Es una máquina simplísima, pero muy fuerte, su diseño que no todos conocen bien es tal, que tiene en su estructura un regulador automático que hace que marche casi siempre a las mismas vueltas aunque el viento sea por momentos lento y por momentos de ráfagas muy veloces. Esto se produce debido a que su rueda de aspas, colocadas inclinadas para que el paso del viento las haga girar, tiene su eje colocado no al centro mismo del eje de la veleta, sino que está desplazado con relación a la misma. Como la veleta lo guía de frente al viento, cuando el mismo eleva su fuerza, ladea la rueda al vencer al resorte y como es lógico, la rueda ladeada agarra menos viento y por lo tanto no toma más revoluciones, tan pronto como el viento afloja su velocidad el resorte coloca a la rueda bien de frente al viento y ésta agarra más aire con lo cual mantiene casi pareja la rotación.
El resto de la máquina es simple, vale decir, piñones pequeños sobre el eje de la rueda que engranan con otros dos o tres veces más grandes para reducir la velocidad, de aquí un juego de bielas hace al movimiento rotativo en rectilíneo y alternativo, de aquí a través de varillas a una bomba a pistón, cañerías y nada más.
Por los molinos está poblada la Patagonia, pues son ellos los que abastecen de agua a las estancias y a la ganadería toda, son fuertes, seguros y confiables. Conozco uno que lo colocó el padre en 1926, lo reparó por primera vez el hijo en el año 1950 y por segunda vez el nieto en 1975, como es natural necesitará una nueva reparación allá por el año 2.000, le tocará a algún bisnieto de la misma familia de mecánicos.
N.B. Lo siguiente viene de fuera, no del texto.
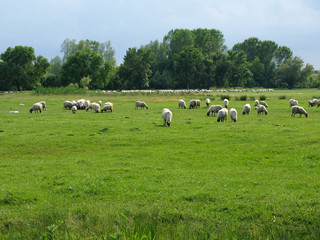sheep and lamb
Este que menciono saca agua de una profundidad de noventa metros, aunque los hay que sacan de mucha mayor profundidad.
El viajero que cruza nuestras rutas patagónicas y distingue a lo lejos un molino, casi seguro ignora que, gracias a esa simple máquina, está poblada y se puede vivir en esta Patagonia y donde jamás pasará de moda el molino, pues viento para hacerlo que funcione gratis siempre va a existir.